- Genre: Horror
- Written by: Nuhash Humayun
- Directed by: Nuhash Humayun
- Starring: See below
- Country of origin: Bangladesh
- Original language: Bengali
- No. of seasons: 2
- No. of episodes: 8

Production
- Executive producers: Rimon Hussain Khan Abrar Jahin Rafee
- Producer: Redoan Rony
- Production location: Dhaka
- Cinematography: Tahsin Rahman
- Editor: Fuad Shourav
- Running time: 24–31 mins
- Production company: Chorki

Original release
- Network: Chorki
- Release: 7 April 2022

= Pett Kata Shaw =

2022 Bangladeshi horror web series

Pett Kata Shaw is a 2022 Bangladeshi horror web series written and directed by Nuhash Humayun. The series was released on online video-on-demand platform Chorki. Sohail Mondal, Shirin Akter Shila, Afzal Hossain, Chanchal Chowdhury, Pritom Hasan and Novera Rahman acted in the lead roles. The series presents modern retellings of traditional Bengali folktales passed down from generation to generation.

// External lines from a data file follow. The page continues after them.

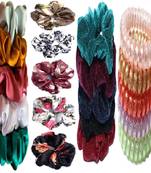 DIAN Assorted Pack of 20 Hair Scrunchies, Ponytail Holder in Solid Satin, Velvet, Wire & Printed for Women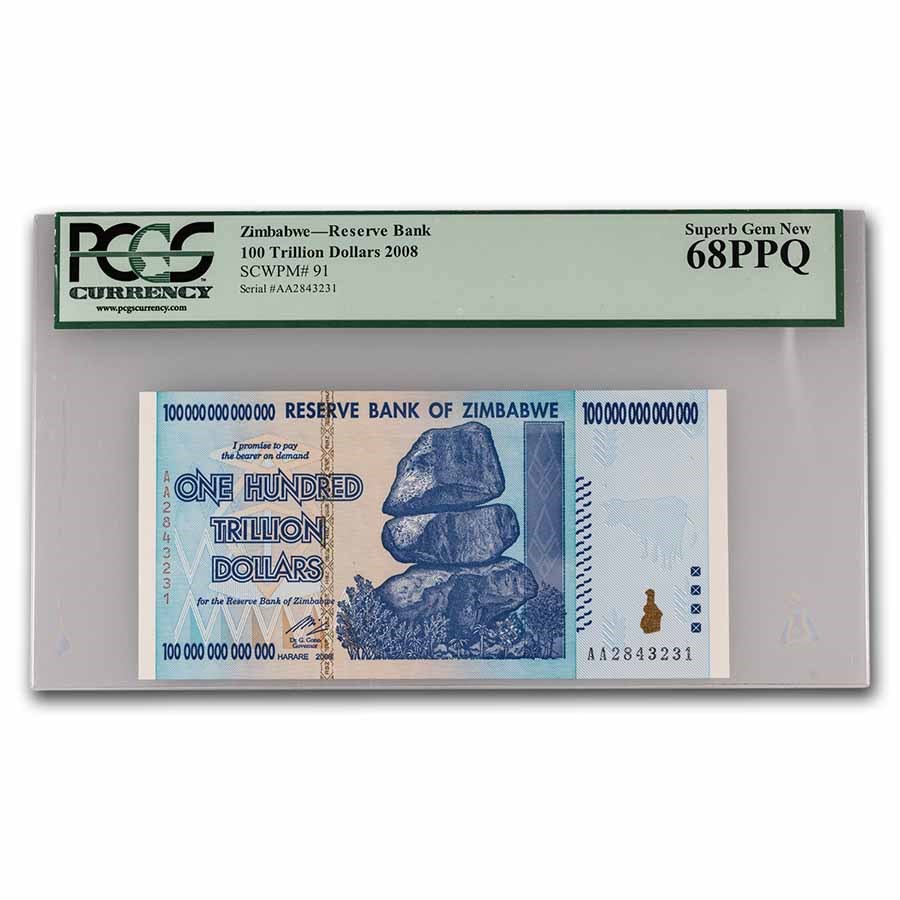 2008 Zimbabwe 100 Trillion Dollars Cape Buffalo CU-68 PPQ PCGS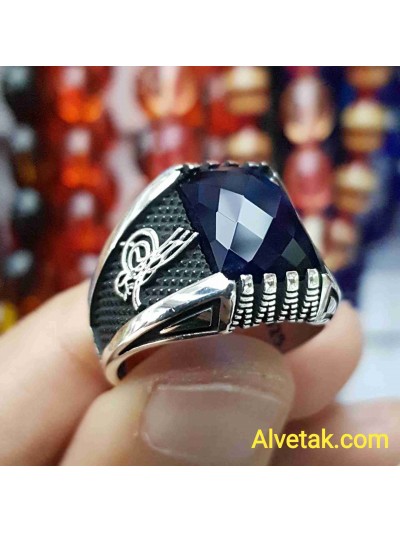 mavi zirkon taşlı 925 ayar gümüş erkek yüzük : 00975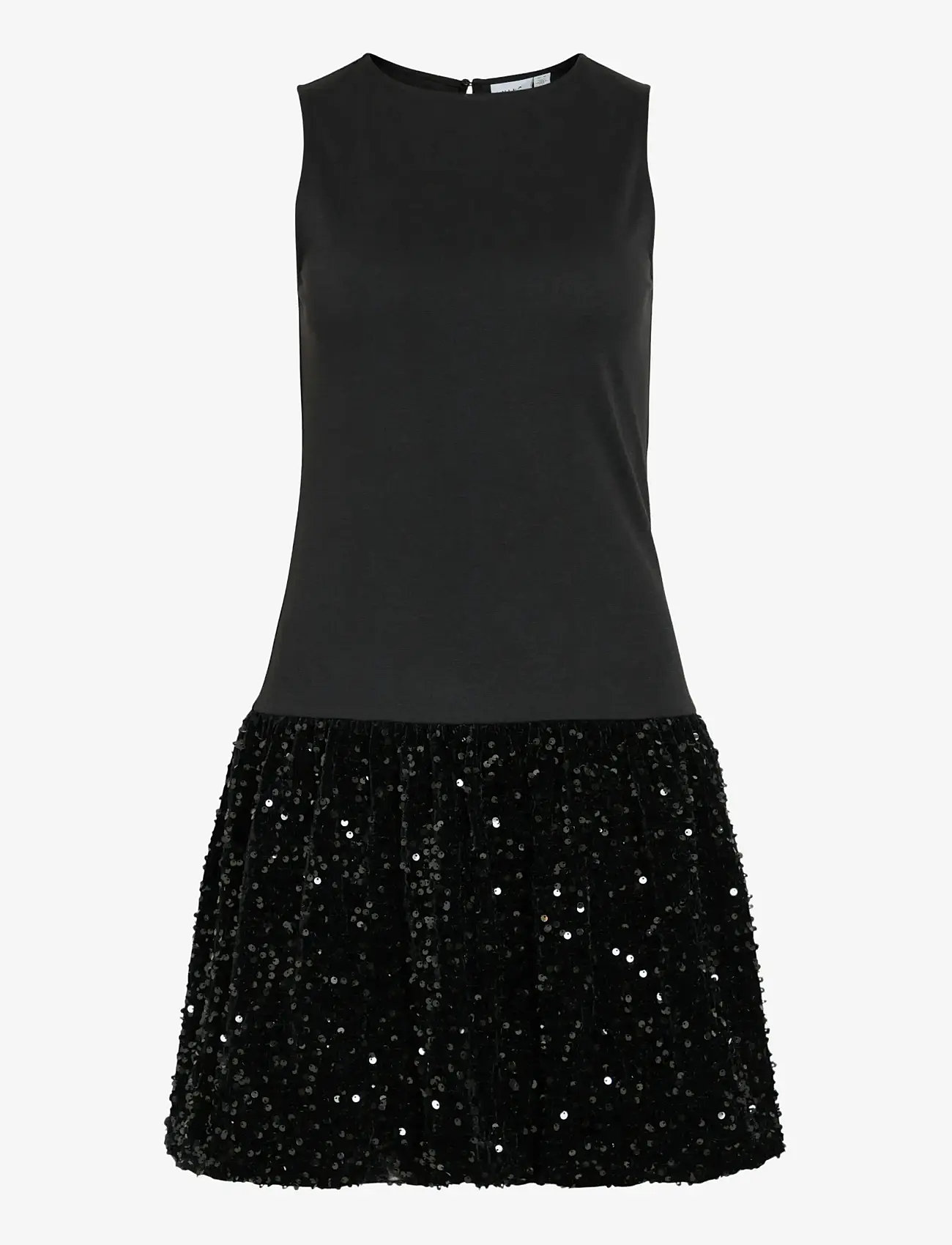 Vila VIBELIEVE S/S MIX SEQUINS DRESS/PTY/KA - Litterkleidid - BLACK / black
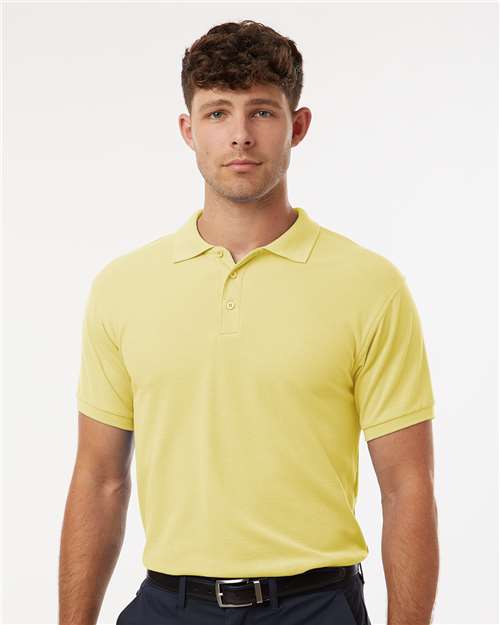 Men's Pique Polo - Light Yellow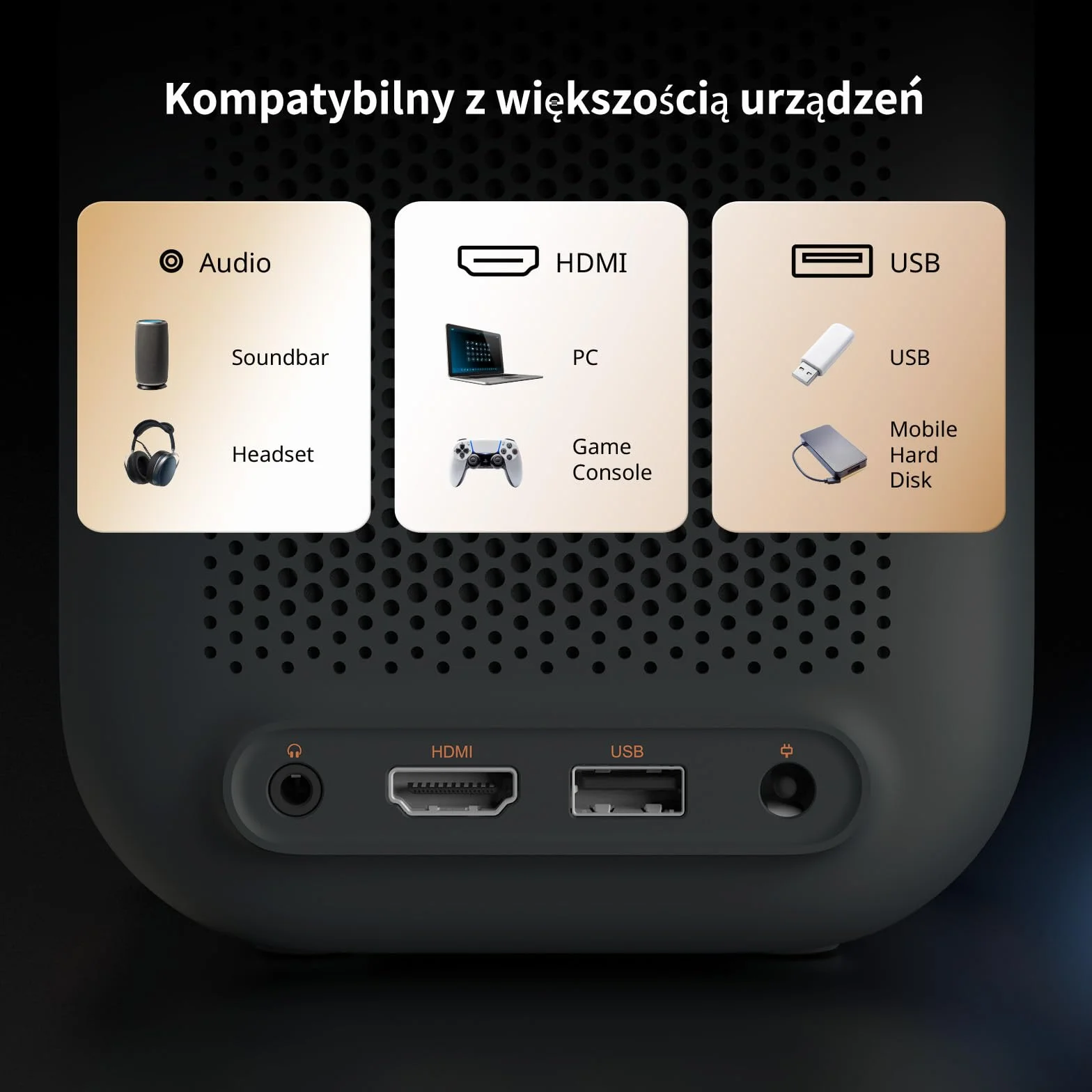 WEMAX Inteligentny Projektor Google TV 1080P Full HD, Obsługa 4K, 500 ISO Lumenów, MEMC Płynność Ruchu na Mecze 2026, Dolby Audio, Auto Focus i Keystone, Wi-Fi 5G, Bluetooth, Ekran do 120"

It had its international premiere as part of the official selection at the International Film Festival Rotterdam in 2023.

==Cast==
- Shohel Mondol
- Shirin Akter Shila
- Ekram Khan Emu
- Durjoy Roy
- Witness Shahid
- Soumik Bose
- Afzal Hossain
- Chanchal Chowdhury
- Quazi Nawshaba Ahmed
- Khaled Ahmed Rumi
- Momo Ali
- Maymuna Islam Medha
- Mohana Hossain
- Rafayatullah Sohan
- Morshed Mishu
- Saida Taslima Hasan Nodi
- Pranay Dev Uchshas
- Taufiqul Iman
- Gitshree Chowdhury
- Pritam Hasan
- Masuda Khan
- Novera Rahman
- Nabil Nasser
- Abir
- Hussain
- Murtaza Zubair

==Episodes==

| No. in season | Title | Directed by | Written by | Original release date |
| 1 | "Ei Buildinge Meye Nishedh" | Nuhash Humayun | Nuhash Humayun | 7 April 2022 |
A lonely young man named Hassan cooks fish at home one night and discovers a mysterious visitor in his room. He realizes that a ghost has come home and killed his friend Shafayat. He decides to cook the fish and feed it quickly to avoid becoming the ghost's feast himself.
| 2 | "Mishti Kichu" | Nuhash Humayun | Nuhash Humayun | 14 April 2022 |
Mahmud, a sweet seller, is despondent. He encounters a night shopper who promises to fulfill one of his wishes in exchange for delightful sweets. At first, Mahmud is surprised to see each wish come true, but soon the sweet surprises turn to bitterness. He realizes that he must be cautious of the tricks of the mind.
| 3 | "Loke Bole" | Nuhash Humayun | Nuhash Humayun | 21 April 2022 |
A wandering couple arrives at a village, the origin of every Bengali superstition, each one stranger than the last. A particularly notable superstition is the story about going out with open hair after dusk.
| 4 | "Nishir Daak" | Nuhash Humayun | Nuhash Humayun | 28 April 2022 |
An NGO worker in Cox's Bazar encounters a mysterious tale of missing children. According to the story, the sea is responsible for the disappearance of these children, who are never found again.

==Reception==
Shah Nahian of The Business Standard criticised its first episode but praised the storytelling ability and music of the web series. Fatin Hamama from The Daily Star said, "All things considered, Pett Kata Shaw definitely did reinvent Bangladeshi horror, a genre that's been woefully under-explored until now".